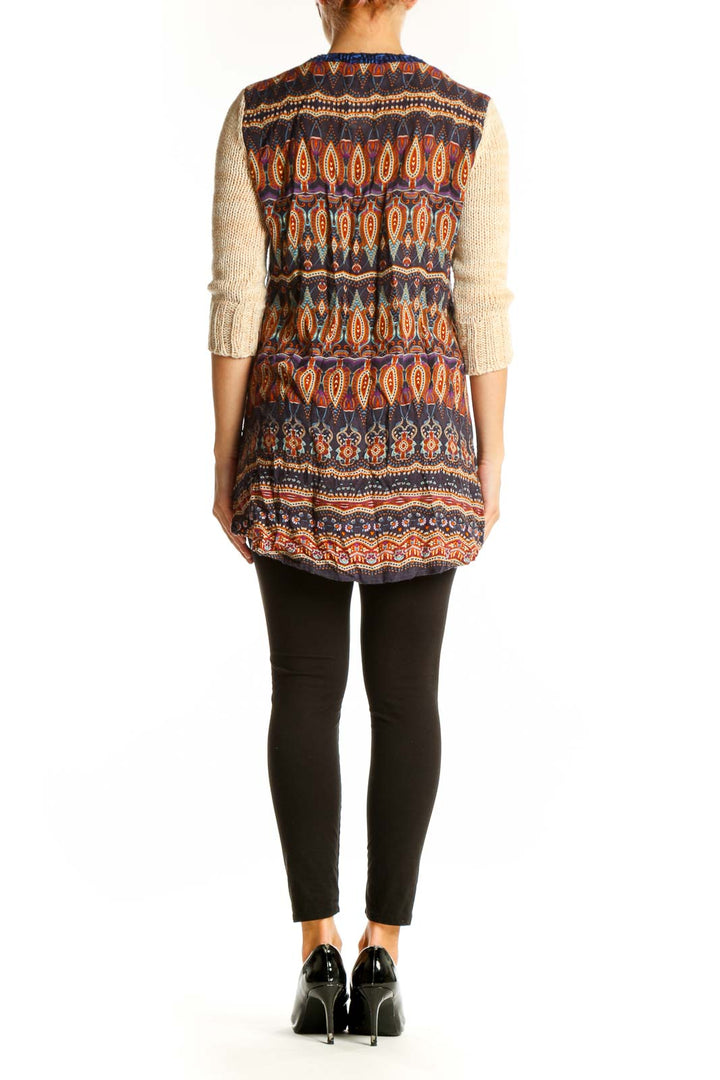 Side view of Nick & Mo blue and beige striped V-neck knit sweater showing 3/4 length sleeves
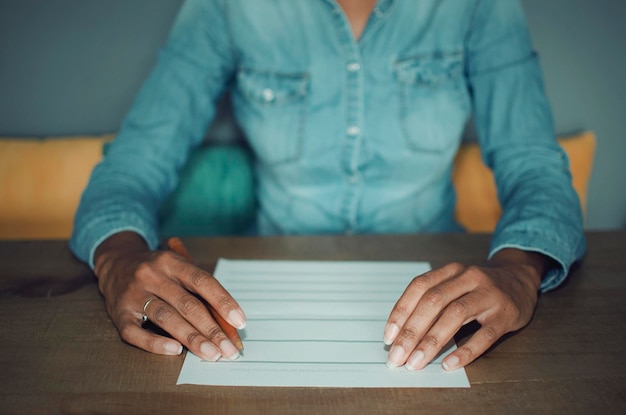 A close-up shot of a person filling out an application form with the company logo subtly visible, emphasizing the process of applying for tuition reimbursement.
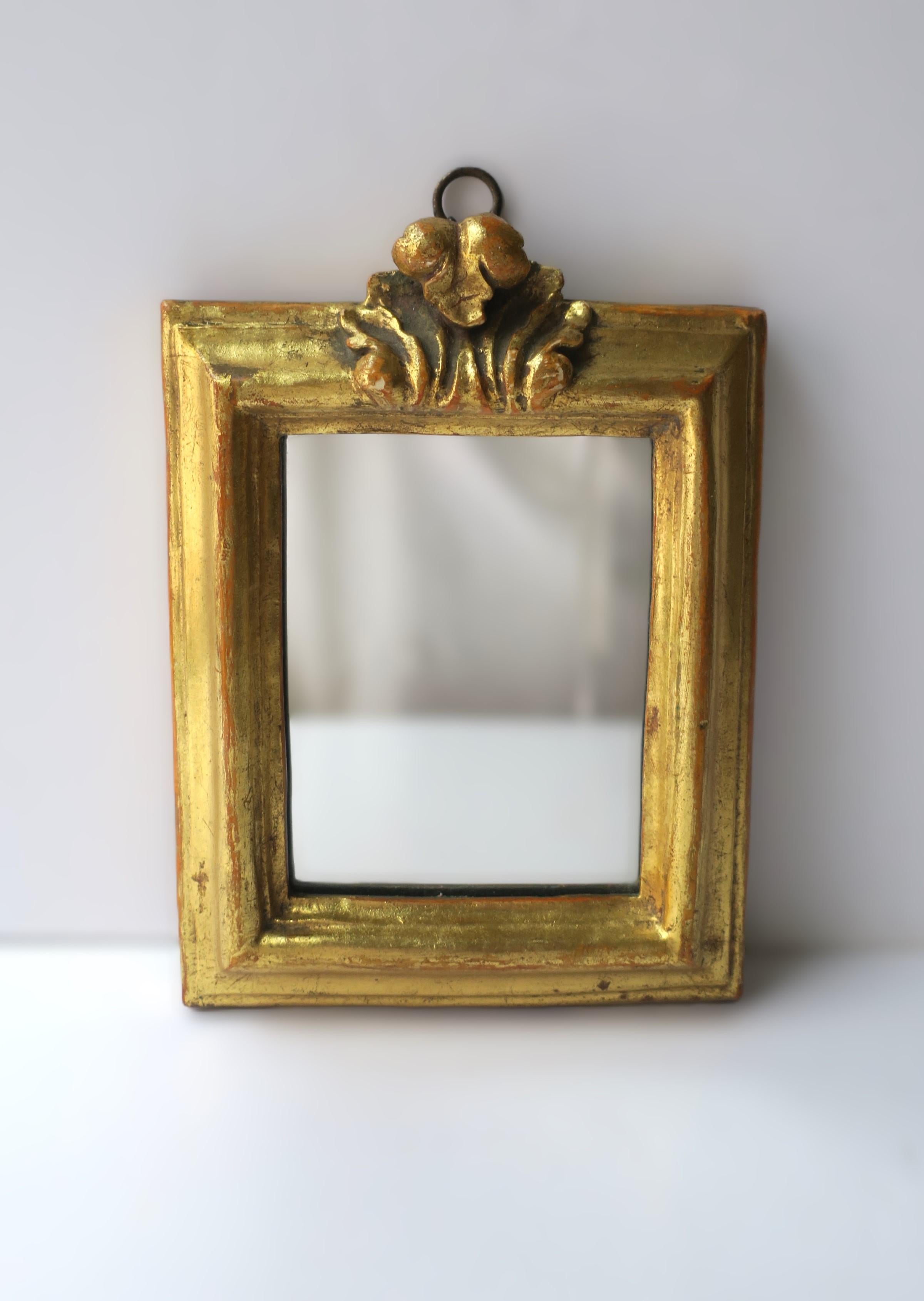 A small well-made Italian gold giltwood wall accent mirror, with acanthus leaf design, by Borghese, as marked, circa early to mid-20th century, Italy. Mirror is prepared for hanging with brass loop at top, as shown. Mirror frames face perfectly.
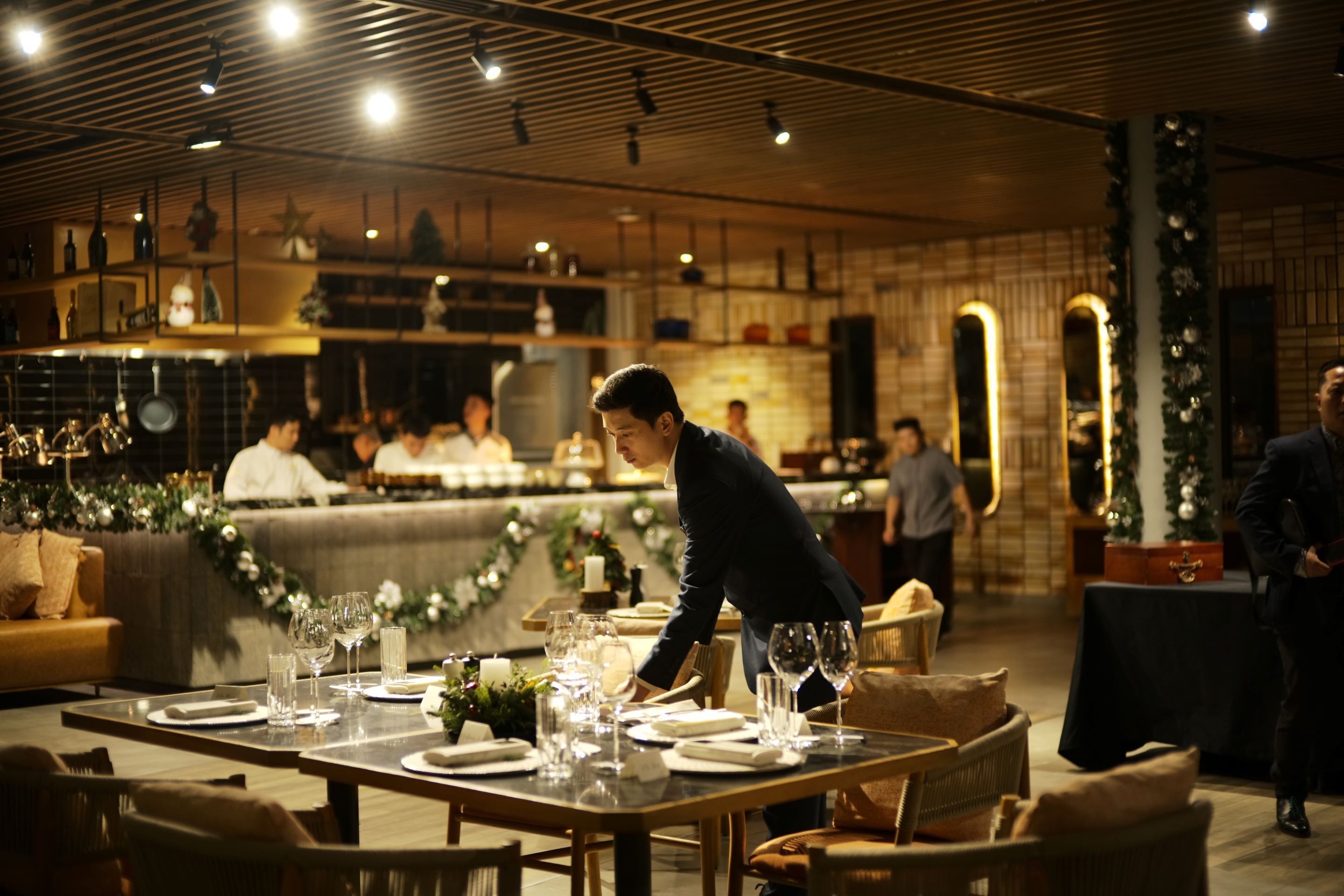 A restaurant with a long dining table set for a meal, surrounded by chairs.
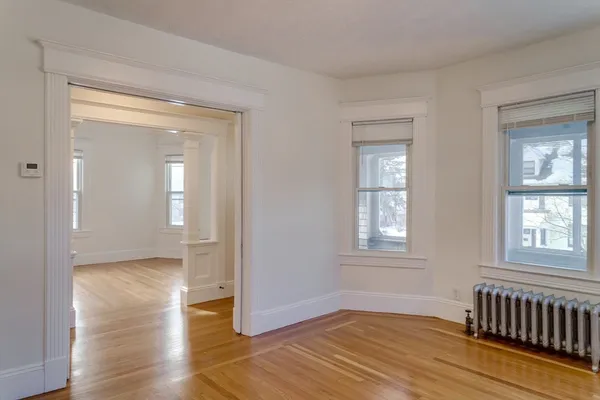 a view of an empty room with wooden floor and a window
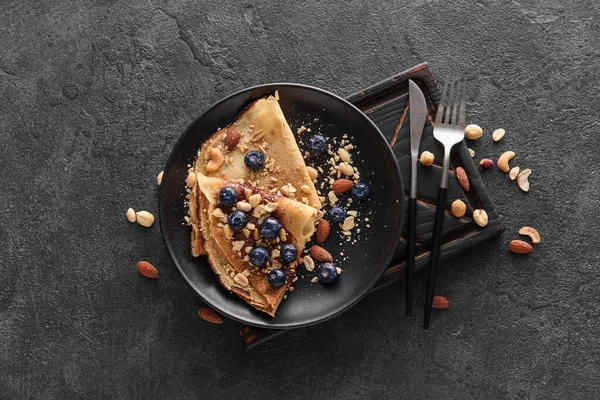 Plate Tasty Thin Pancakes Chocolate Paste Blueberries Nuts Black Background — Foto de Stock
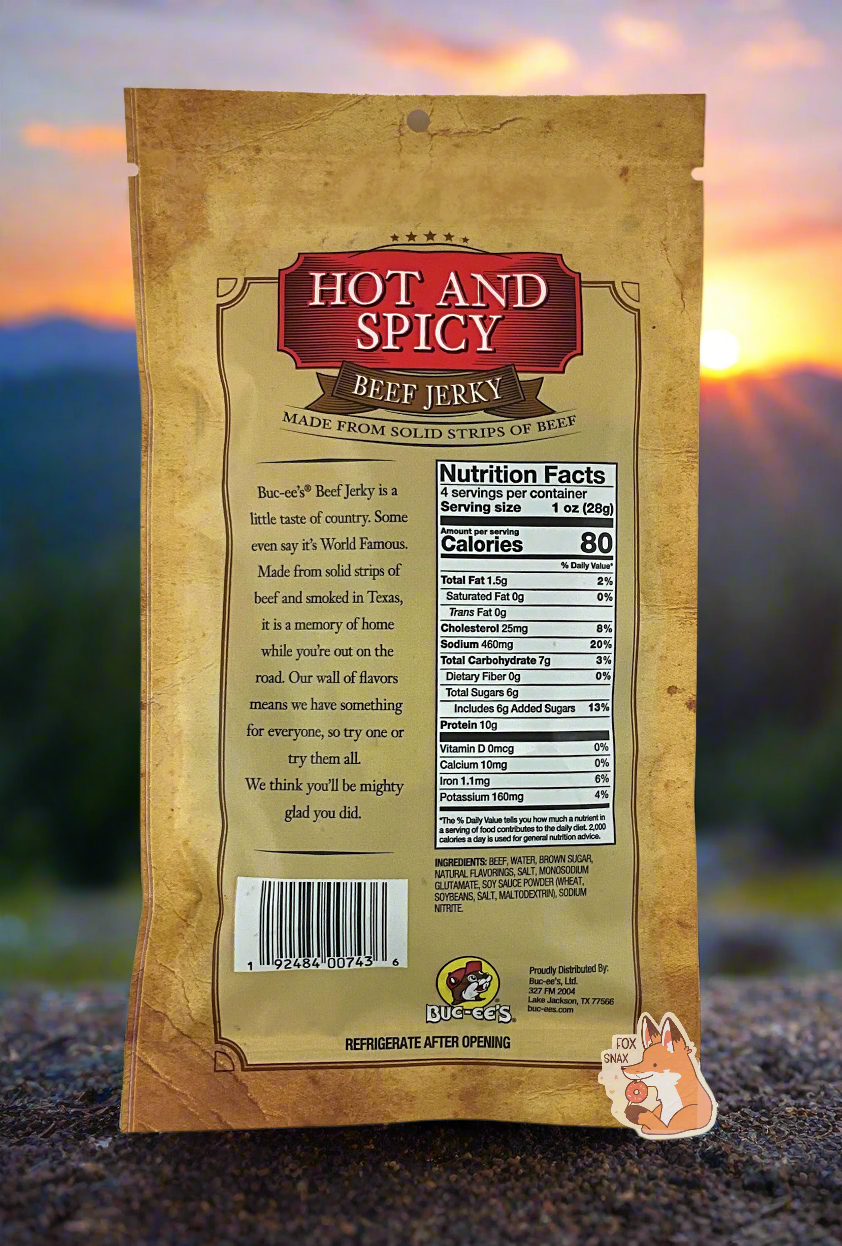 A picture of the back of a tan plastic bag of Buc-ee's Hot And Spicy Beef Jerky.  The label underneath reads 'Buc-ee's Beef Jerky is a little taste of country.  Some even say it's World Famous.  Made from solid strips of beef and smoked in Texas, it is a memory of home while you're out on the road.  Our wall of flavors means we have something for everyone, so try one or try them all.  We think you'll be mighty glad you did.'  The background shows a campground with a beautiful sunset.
▬▬▬▬▬▬
Copy exactly the part of the material above that opens with the line containing "A restaurant with" and closes with the line containing "Plate Tasty Thin", ends included. Drop the images.

 A restaurant with a long dining table set for a meal, surrounded by chairs.
 a view of an empty room with wooden floor and a window
 Plate Tasty Thin Pancakes Chocolate Paste Blueberries Nuts Black Background — Foto de Stock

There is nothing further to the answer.